START TASK DATA

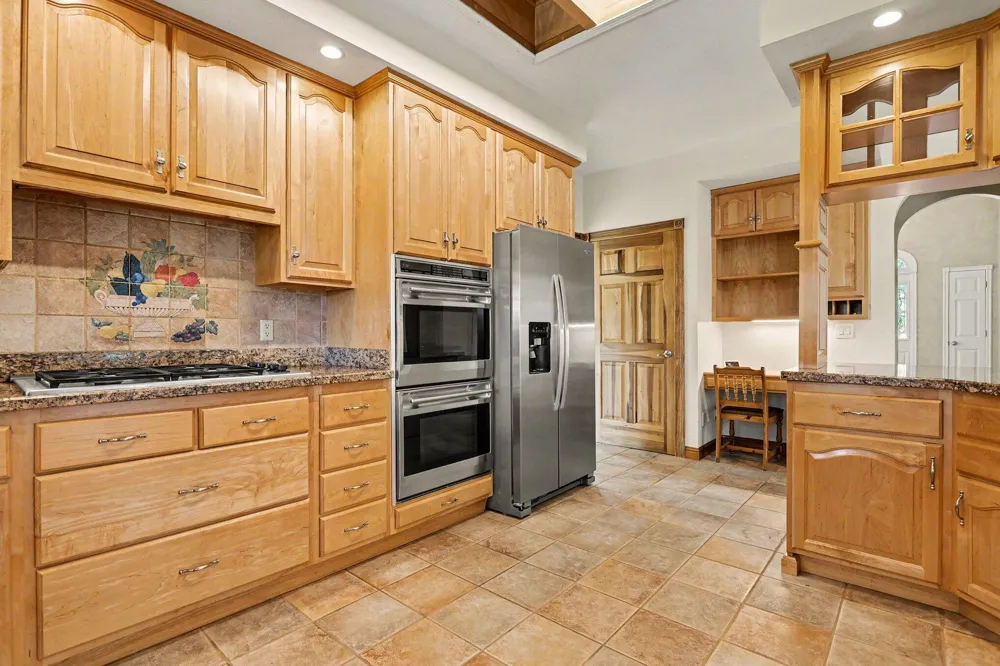 71451 Sanderling Drive Milton Township, MI 49120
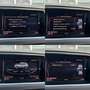 Audi SQ5 3,0 TDI quattro |S-LINE|LED|PANO|ACC|F1 Blau - thumbnail 16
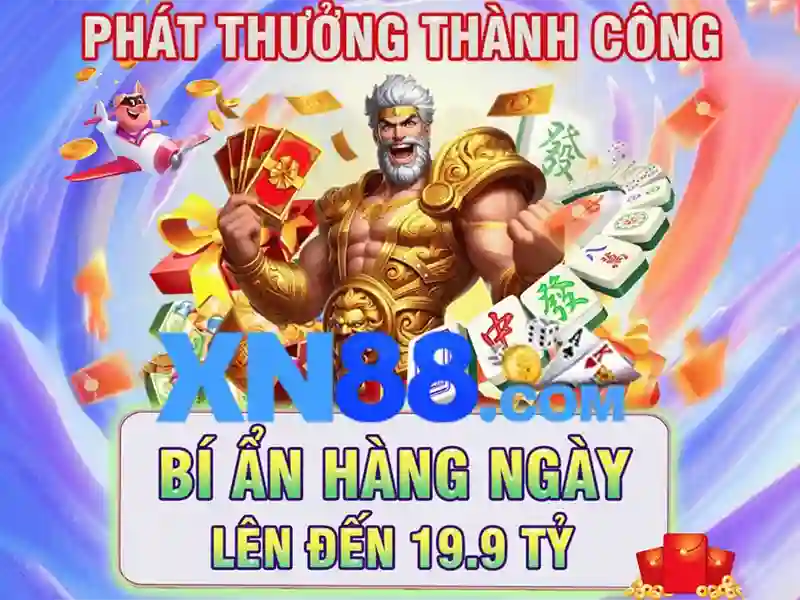 💎nhà cái uy tín bongdanet💎 💎nhà cái uy tín bongdanet💎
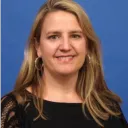 Gwen Moertel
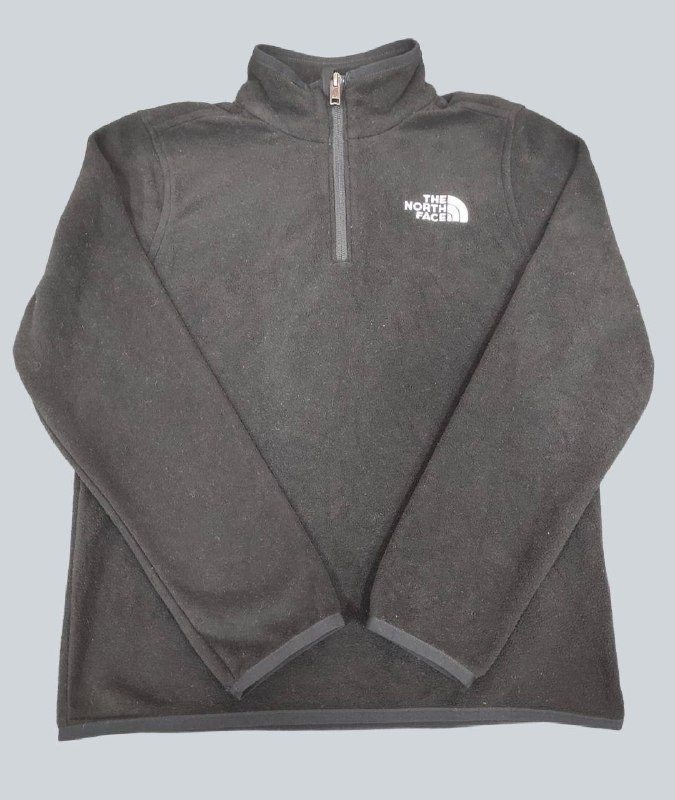 Лонгслів The North Face · розмір 10 років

END TASK DATA

▸ **DIRECTIONS FOR THIS TASK**
I would like the lines from the one with "bongdanet💎 💎nhà cái uy tín bongdanet💎" through the last line of the data above retyped exactly, with pictures left out, please.

▸ **REPLY TO THE TASK**
 💎nhà cái uy tín bongdanet💎 💎nhà cái uy tín bongdanet💎
 Gwen Moertel
 Лонгслів The North Face · розмір 10 років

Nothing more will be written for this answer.